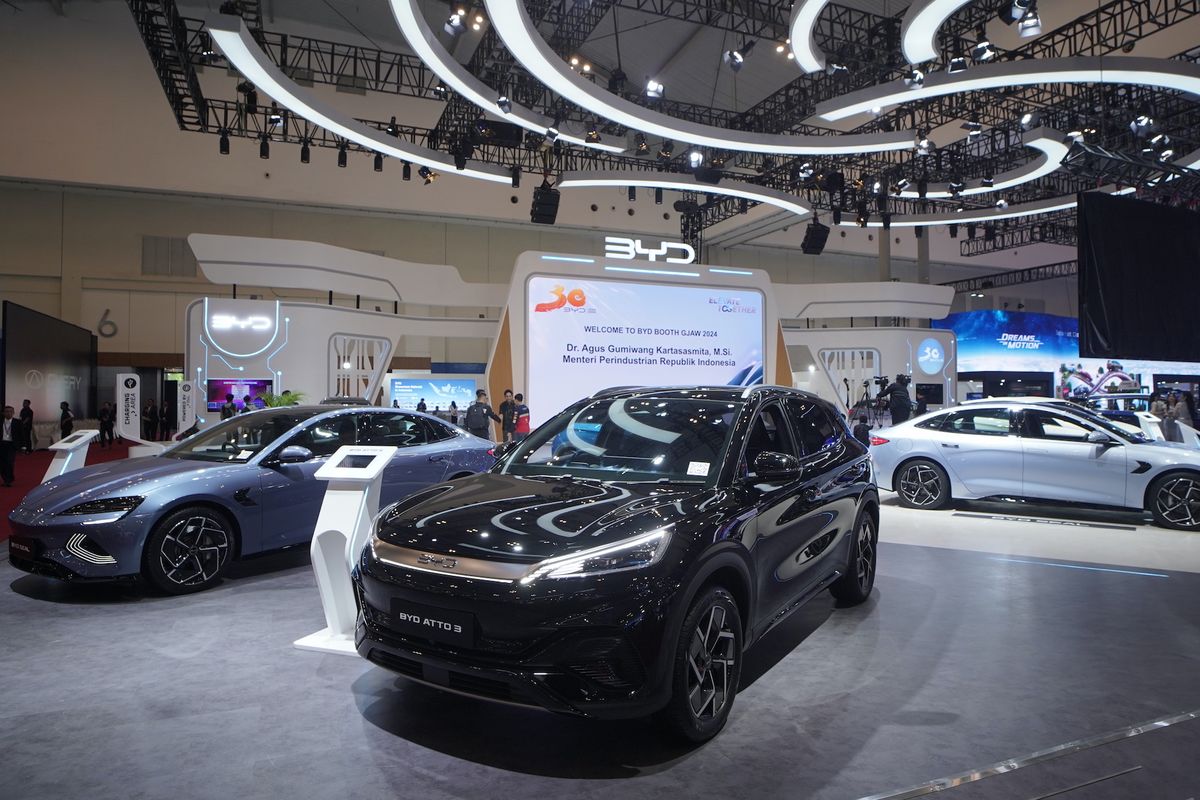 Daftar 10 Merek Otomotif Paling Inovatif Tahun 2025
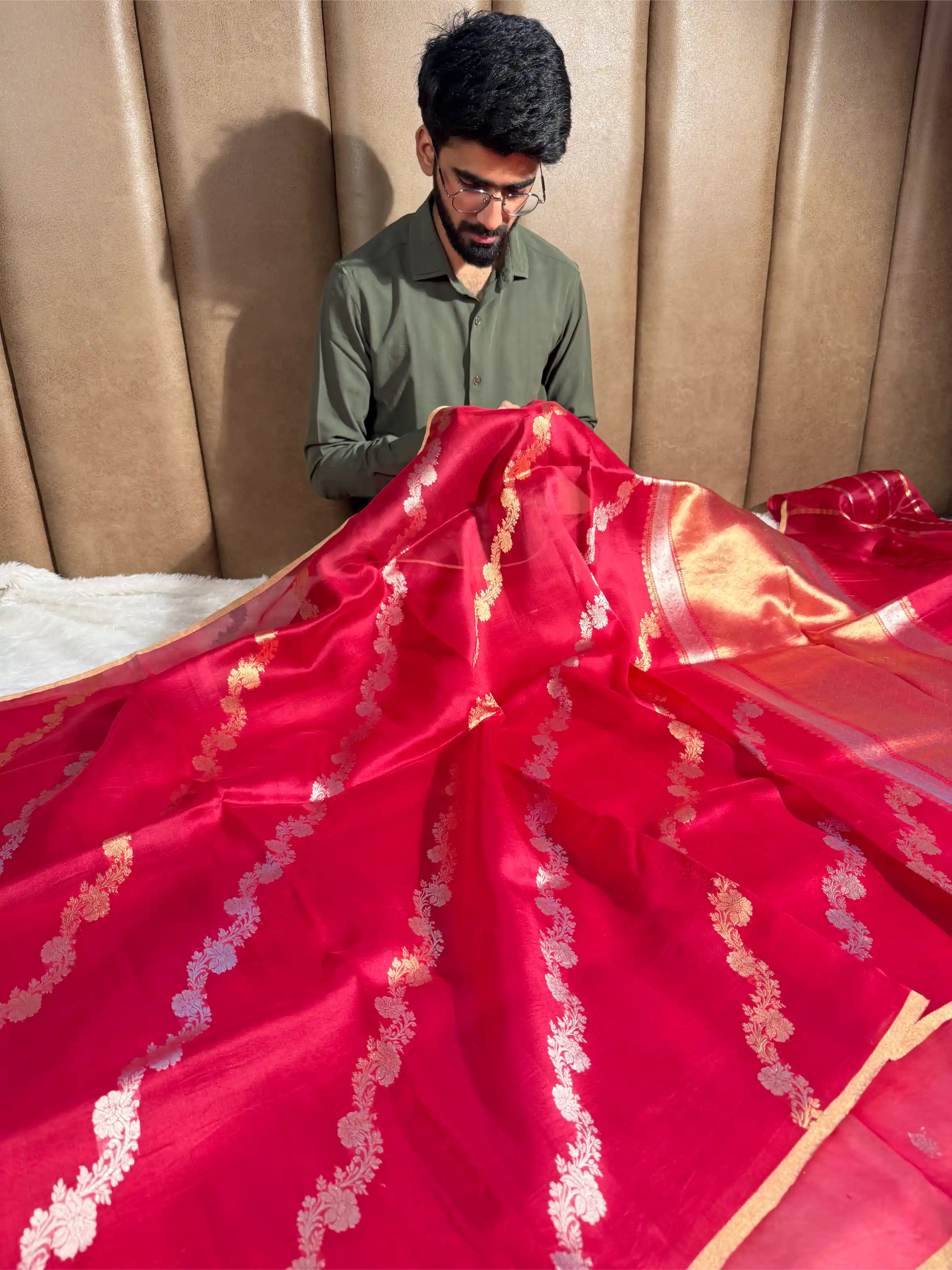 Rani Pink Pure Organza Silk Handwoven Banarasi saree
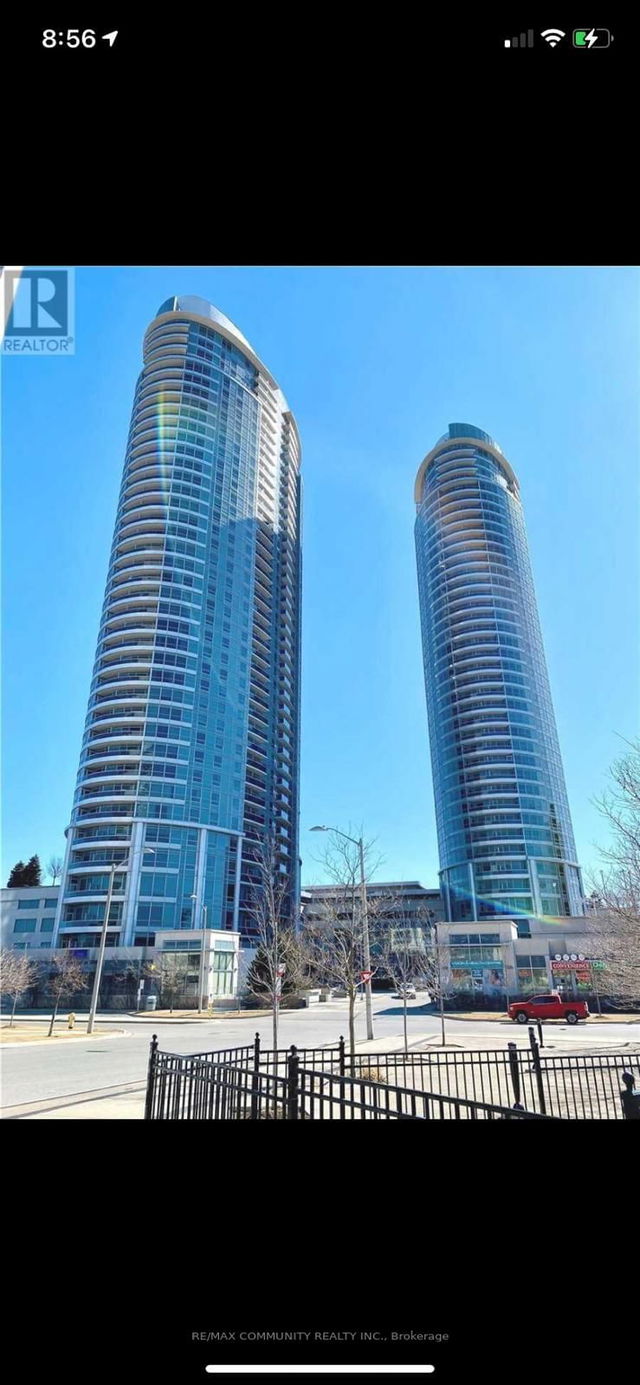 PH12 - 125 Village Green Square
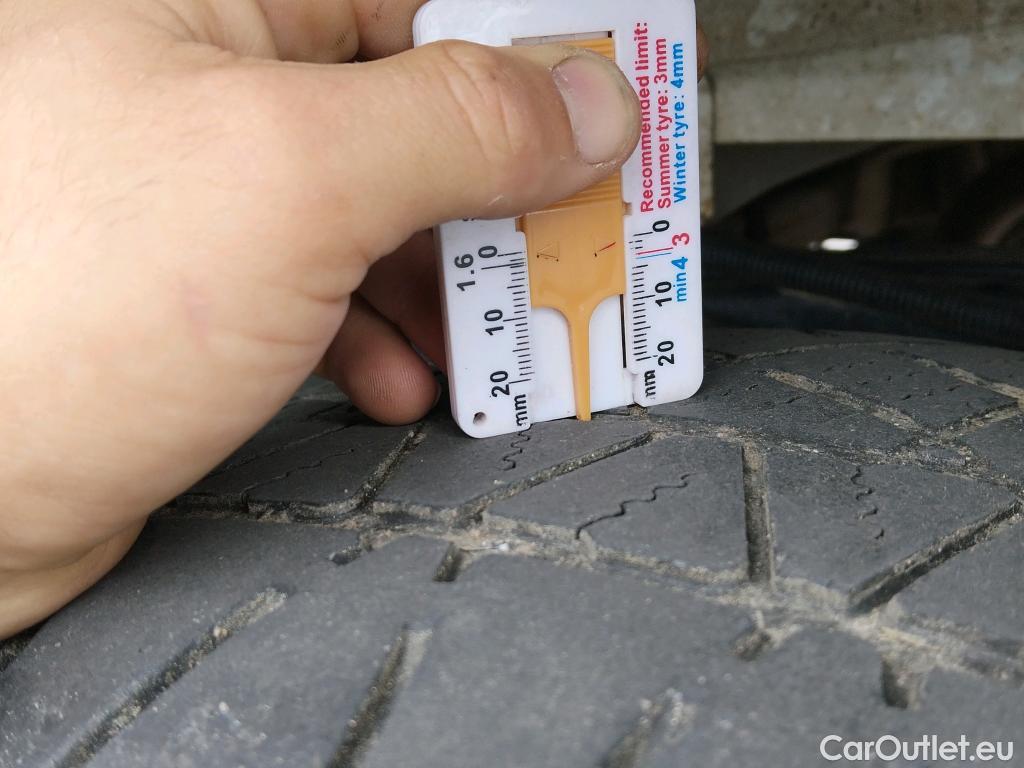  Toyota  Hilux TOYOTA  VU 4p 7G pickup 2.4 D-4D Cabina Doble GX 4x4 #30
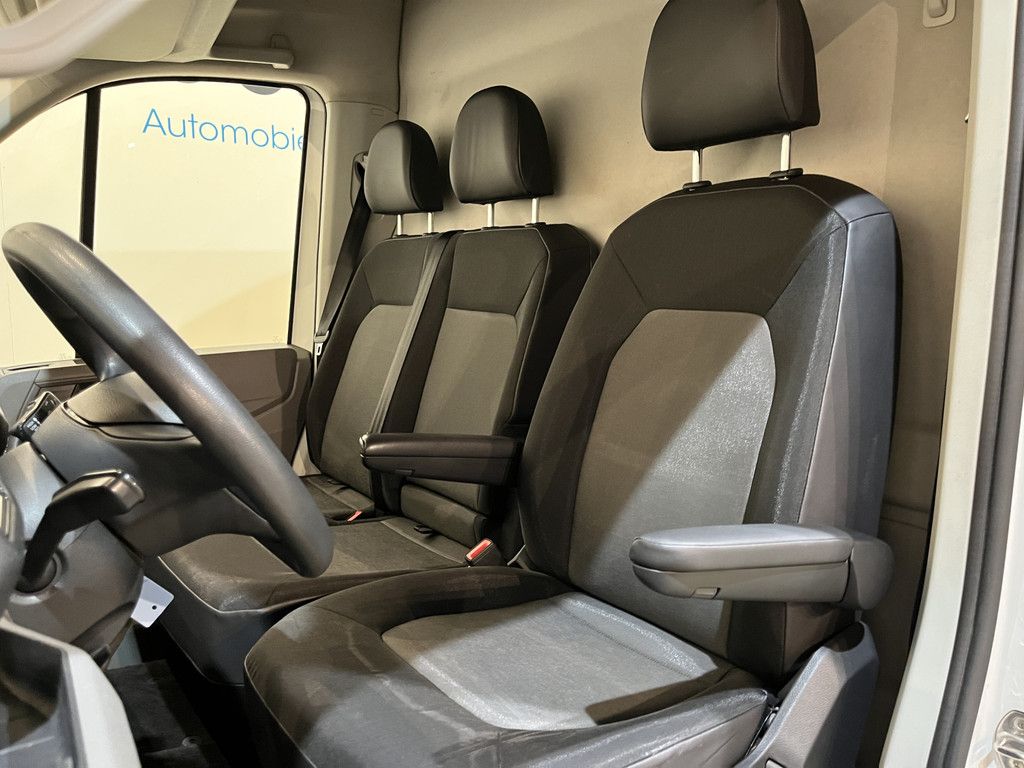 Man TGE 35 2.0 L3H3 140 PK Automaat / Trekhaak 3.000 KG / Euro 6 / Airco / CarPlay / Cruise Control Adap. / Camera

[WHAT IS REQUIRED] An acceptable answer consists of the lines above from the one holding "Doble GX 4x4 #30" to the end of the data, repeated exactly and containing no pictures.

[WRITTEN RESPONSE]
  Toyota  Hilux TOYOTA  VU 4p 7G pickup 2.4 D-4D Cabina Doble GX 4x4 #30
 Man TGE 35 2.0 L3H3 140 PK Automaat / Trekhaak 3.000 KG / Euro 6 / Airco / CarPlay / Cruise Control Adap. / Camera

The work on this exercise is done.